穂高の春2018(第1部)

3月の冬の西穂が終わってから山に登れていませんでした。そんな状況の中でこの時期の奥穂高岳の3日間の行程を組んだものですから、それはそれは大変な思いでした。
天候は初日は思っていたよりも天候の回復が遅れ雪が降るような有様でしたが、登頂予定日の2日目はよく晴れてくれて、まずまずの登山となりました。





08時09分
上高地は河童橋に到着。
地上天気図は高気圧の前面に位置していましたが高層天気図では気圧の谷(寒冷渦)の抜けるのが遅くて若干心配していました。しかしまー、こういうことだけはピタリと当たるものです。
雪混じりの霧雨です。雪なのでジャケット類は濡れません。
「初日上高地雨(雪)連続更新中」というわけで今回も雨(雪)からのスタートです。学生服を着た学生が河童橋を渡って来ます。修学旅行でしょうか。





08時49分
明神に到着しました。
この頃になると日が差して来るようになり、いわゆる「お天気雪」の状態になりました。
上高地で雪なのだから涸沢から上はまとまって降っているのでは? と一抹の不安を覚えます。表層雪崩にも警戒しなければならないですね。
まあ、早い段階で天候が回復してくれるのを願うのみです。

上高地から横尾の行程はその時によって、一気に横尾まで飛ばしていくこともあるし、今回のように明神、徳沢とそれぞれで休憩してゆっくり歩いていくこともあります。今回はゆっくり歩いて行って正解でした。






10時36分
横尾到着。
写真では写っていないのでわからないのですが実際は雪が舞っていました。流石に連休後の横尾だけあって登山者は数えるくらいしかいません。
今回は出発が少し遅くなったのでこの時間になってしまいました。朝食で買って来たおにぎりを急いでほおばり、足早に涸沢に向けて出発することにします。





11時09分
出発前に横尾大橋を見上げると、その上空は青空が見え始めています。つまり高い場所は晴れているということですね。もう少し頑張っていただきたいものです。何を頑張るのかわかりませんが。
さあ、誰もいない横尾大橋を渡っていざ涸沢に向かいます。





12時11分
本谷は橋がかけられていました。
事前に情報は得ていたのですが、こうやって見てみると明らかに雪が少ないというのがよくわかります。
通常だったら連休後のこの時期はまだ橋などかける状況ではなく、雪で厚く覆われた谷底を歩いていくのですが、今回はもはやそれは無理。

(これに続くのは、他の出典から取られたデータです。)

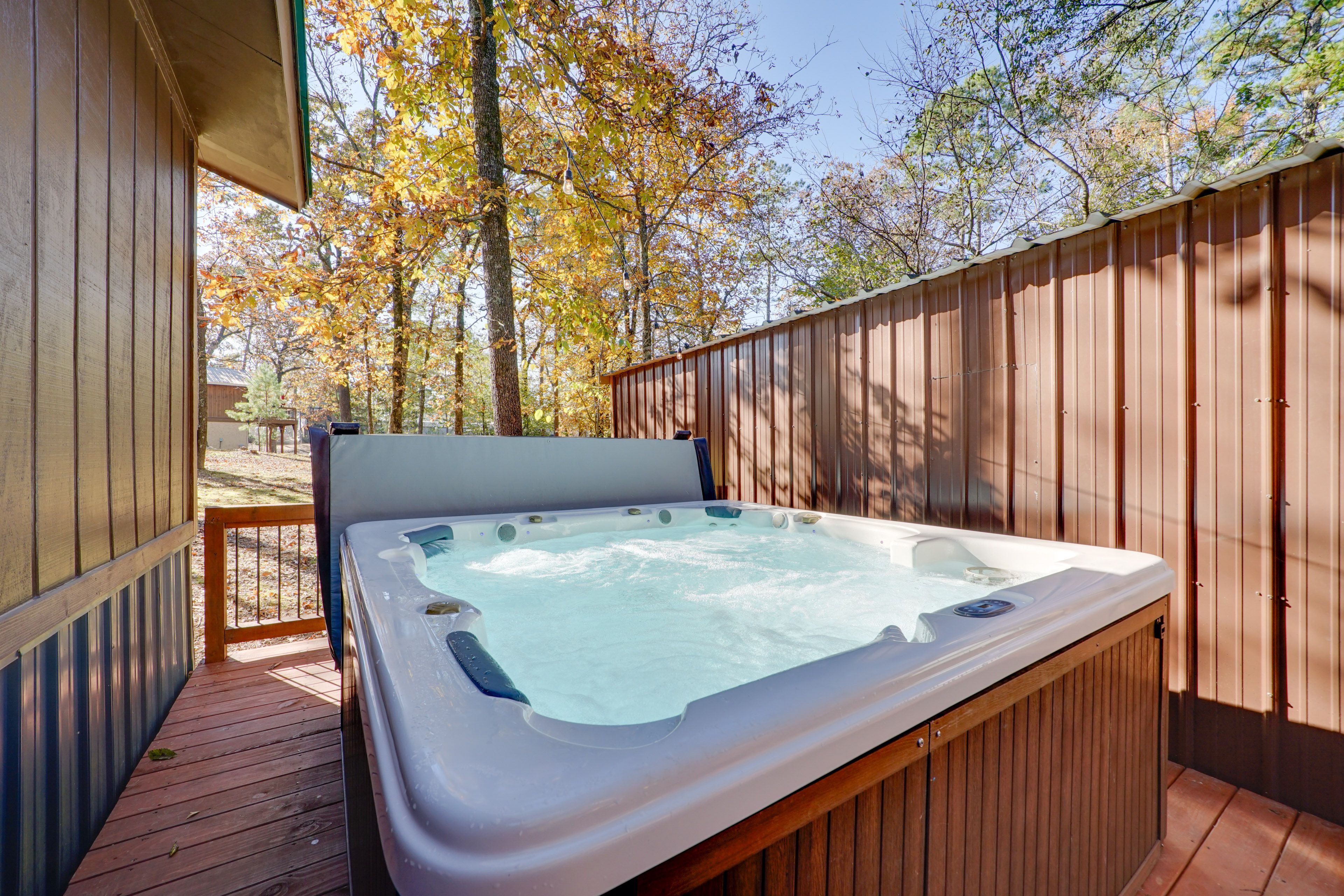 Private Deck w/ Hot Tub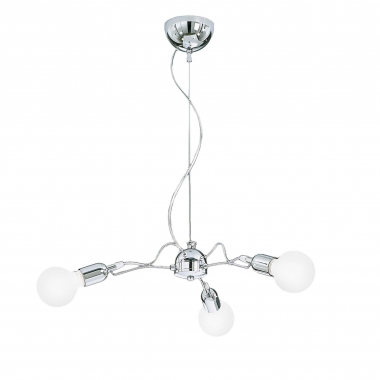 SOSPENSIONE IN METALLO CROMATO - ROSSINI ILLUMINAZIONE 2597/3 product photo Photo 01 3XL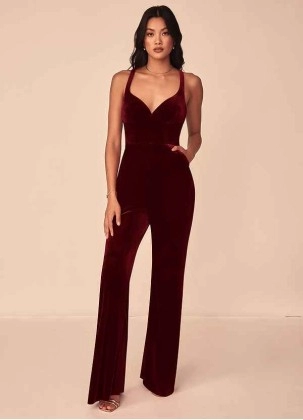 Wocenet Emmette Velvet Jumpsuit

本谷橋から先は夏ルートを登っていくようになっていました。





12時27分
夏ルートを進んでいきます。なので本谷橋を渡ったらすぐに急登になります。
気温がそんなに高くないので極端の雪の崩れはないですが、それでも春の雪なので慎重に歩いていきます。
しばらく進みますがほぼ雪の上を歩いていく様子でしたので早々にアイゼンを履いて楽をさせてもらいます。





12時49分
しばらく進んでいくと本来この時期のルートである谷底が見えて来ます。完全に融雪していて通行できるような状況ではありません。
思えば今年に入ってからは荒天は多かったものの積雪そのものは少なかったようなイメージがあります。気温が上昇して雨になったこともありました。異常気象なのか単なる今年の特徴なのか・・・





13時05分
しばらく登っていくと延々と続くトレースが見えて来ます。「あそこまで行かなければならないんだ・・・」わかってはいても実際に見てみるとその壮大なスケールに圧倒されそうになります。それでもトレースの先には穂高連邦が見え始めています。焦ることなくゆっくりと淡々と進んでいきます。





13時28分
涸沢が見えて来ました。そして涸沢ヒュッテも。
ですが「ここからが長い」ということは一度でも来たことがある方なら誰もがわかっているはず。積雪期でも無雪期でも。だから涸沢が見えて来たら「到着した」ではなく「ここからがスタートだ」と思うようにしています。
だいぶ晴れ間が見えて来ましたが穂高の周囲は雲で覆われています。奥穂高岳は完全に雲の中のようです。





13時44分
涸沢の全景が見えて来ました。この標高になると雪の量としては極端に少ないということはないように感じますがいかがなものでしょうか。そういえば山荘のスタッフに今年の雪の量について聞くのを忘れていました。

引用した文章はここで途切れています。